> _THE PROBLEM_
The whole listing below is to be copied exactly, with every picture left out.

> _DATA SEGMENT_
--------
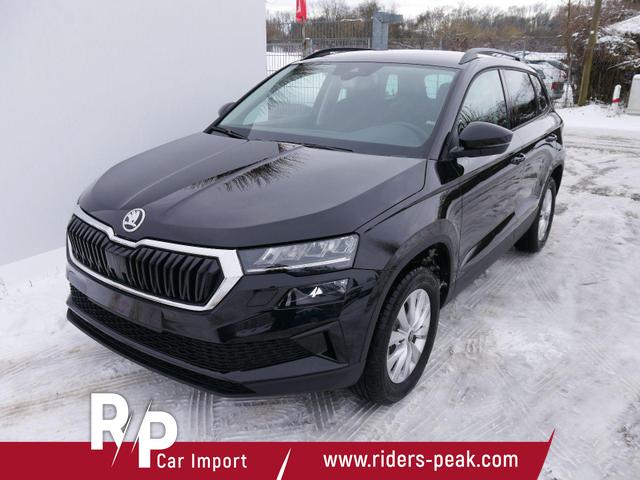 Skoda Karoq Selection 2.0 TDI DSG 4x4 4x4*AHK*TEMPOMAT*SMARTLINK*KLIMAAUTOMATIK*SHZ*LED 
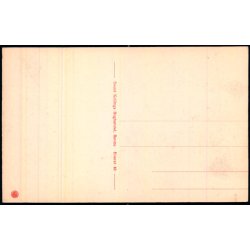 Bornholm - Olsker Kirke - S. Kollings Bogh. 83 - Ubrugt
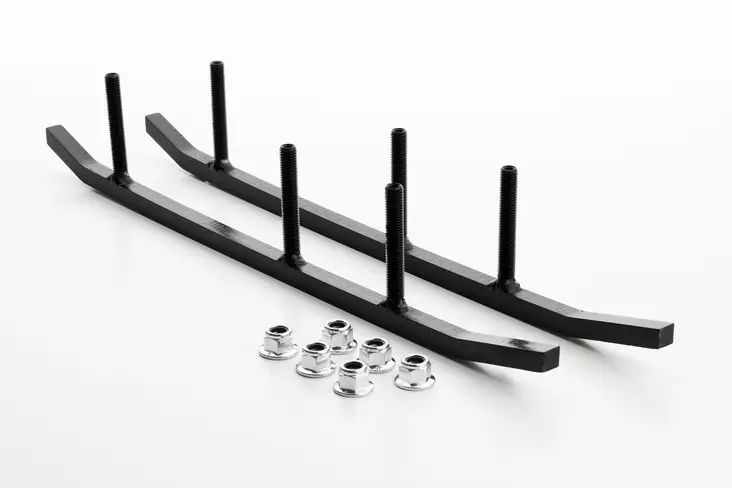 NEXT Hardox Ohjainrauta pari BRP Blade - Moottorikelkan Ohjaus - 73351 - 1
--------
> _PROBLEM SOLUTION_
 Skoda Karoq Selection 2.0 TDI DSG 4x4 4x4*AHK*TEMPOMAT*SMARTLINK*KLIMAAUTOMATIK*SHZ*LED 
 Bornholm - Olsker Kirke - S. Kollings Bogh. 83 - Ubrugt
 NEXT Hardox Ohjainrauta pari BRP Blade - Moottorikelkan Ohjaus - 73351 - 1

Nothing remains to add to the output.